-- Opening Marker --

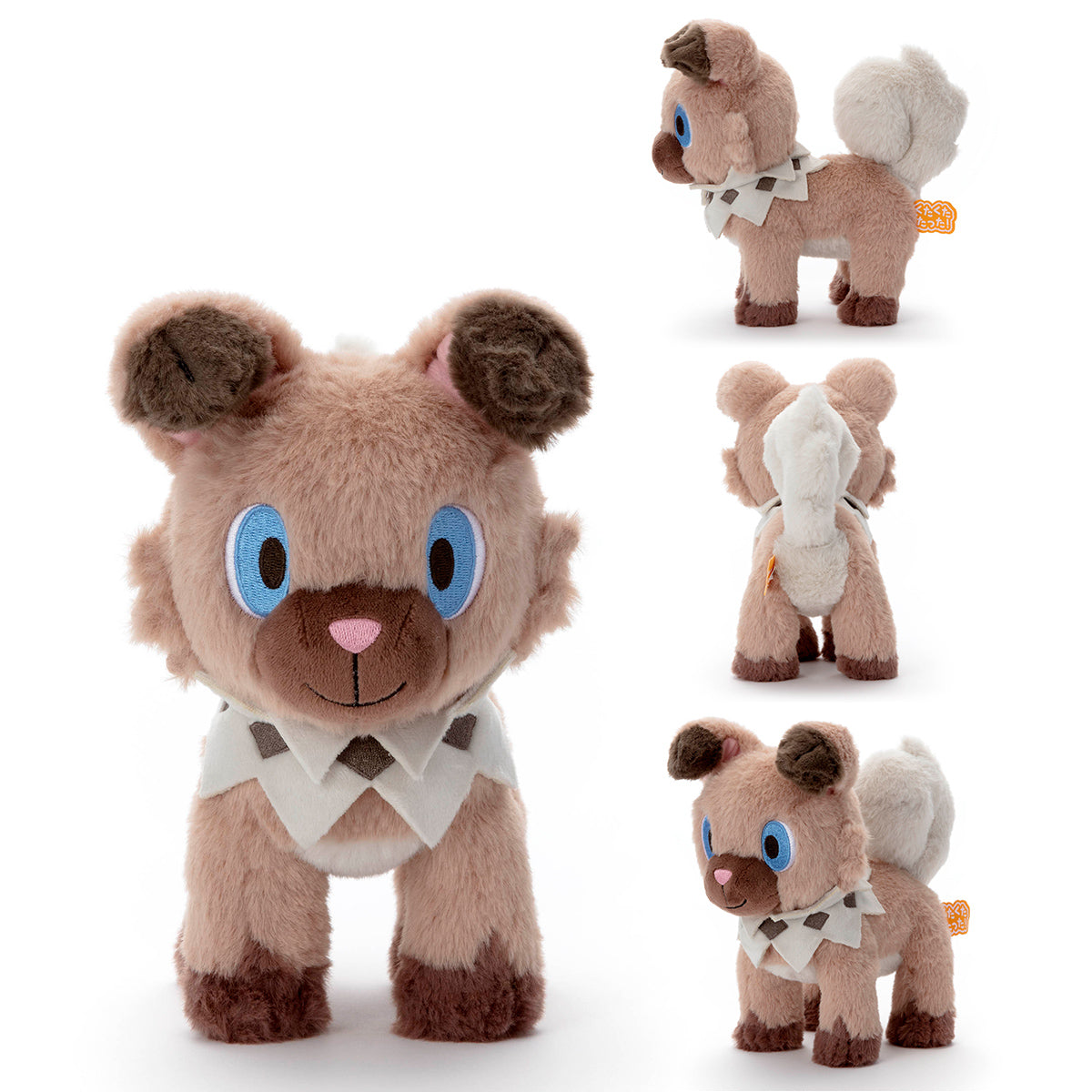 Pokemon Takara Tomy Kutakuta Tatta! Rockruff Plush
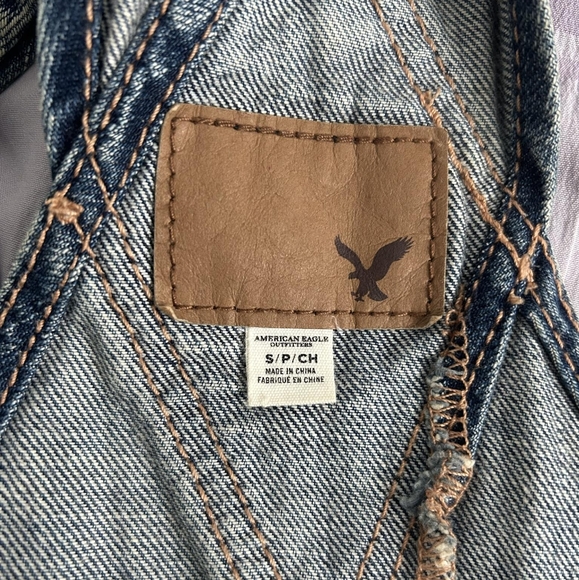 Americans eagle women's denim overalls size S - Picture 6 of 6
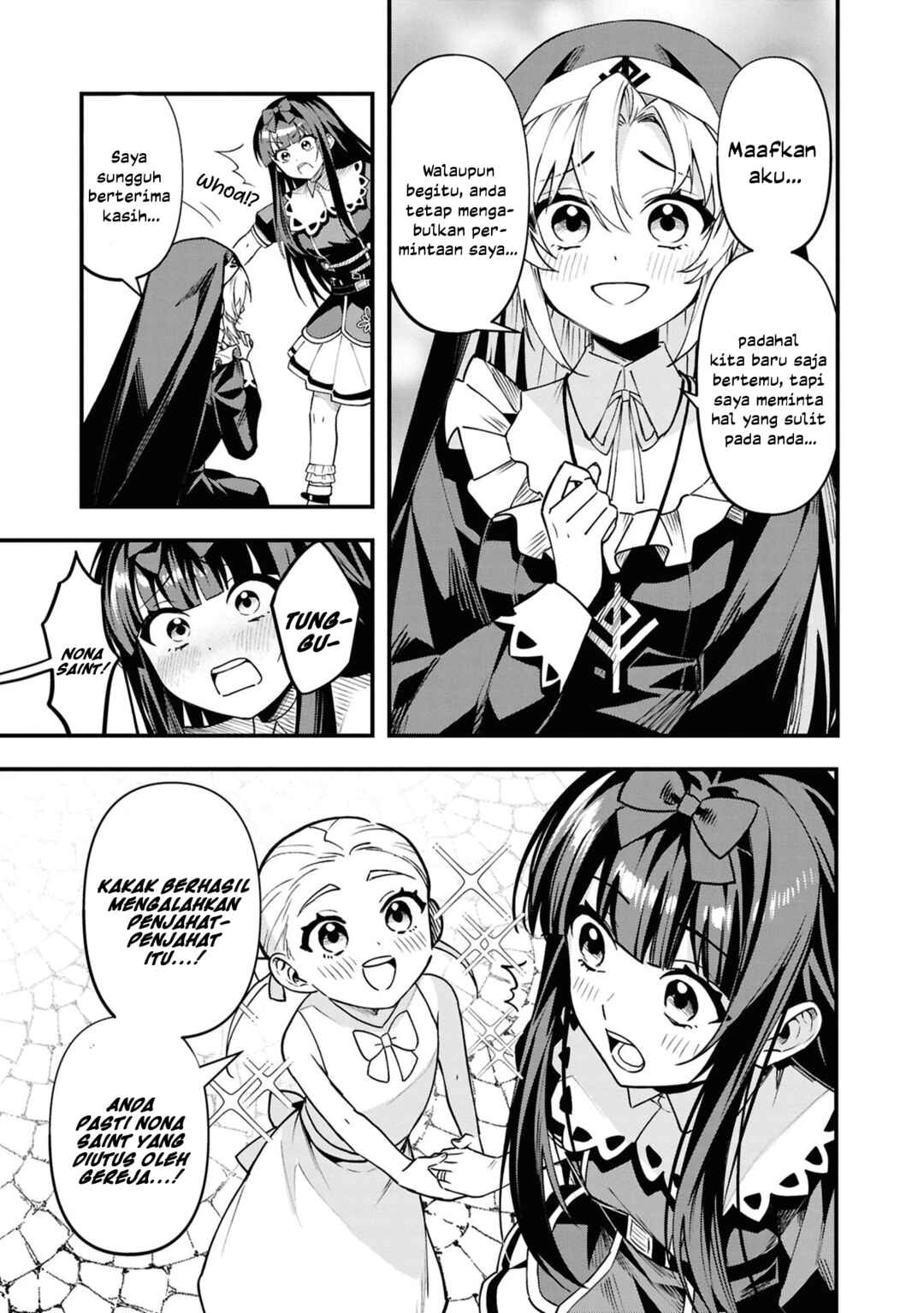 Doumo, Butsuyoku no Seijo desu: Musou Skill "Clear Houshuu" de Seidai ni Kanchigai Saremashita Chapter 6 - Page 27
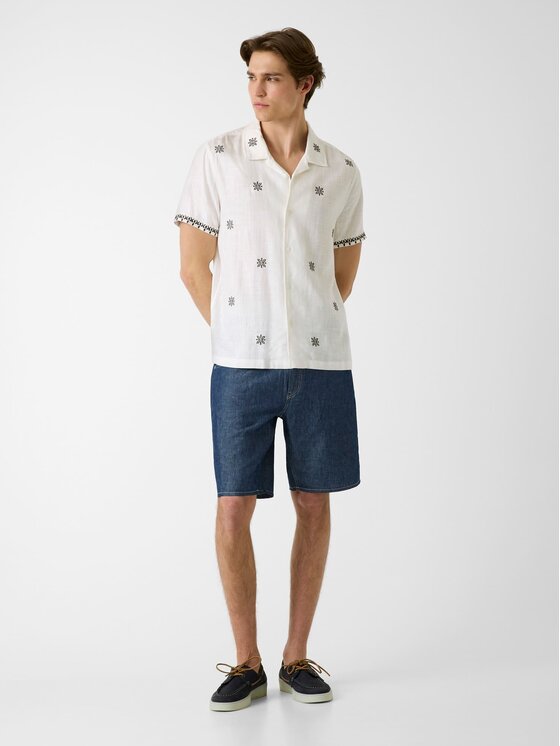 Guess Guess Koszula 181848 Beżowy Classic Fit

-- Closing Marker --

Activity → Every line from the one containing "Doumo, Butsuyoku no" through the end of the listing is to be copied exactly; the pictures are not.

Output →
 Doumo, Butsuyoku no Seijo desu: Musou Skill "Clear Houshuu" de Seidai ni Kanchigai Saremashita Chapter 6 - Page 27
 Guess Guess Koszula 181848 Beżowy Classic Fit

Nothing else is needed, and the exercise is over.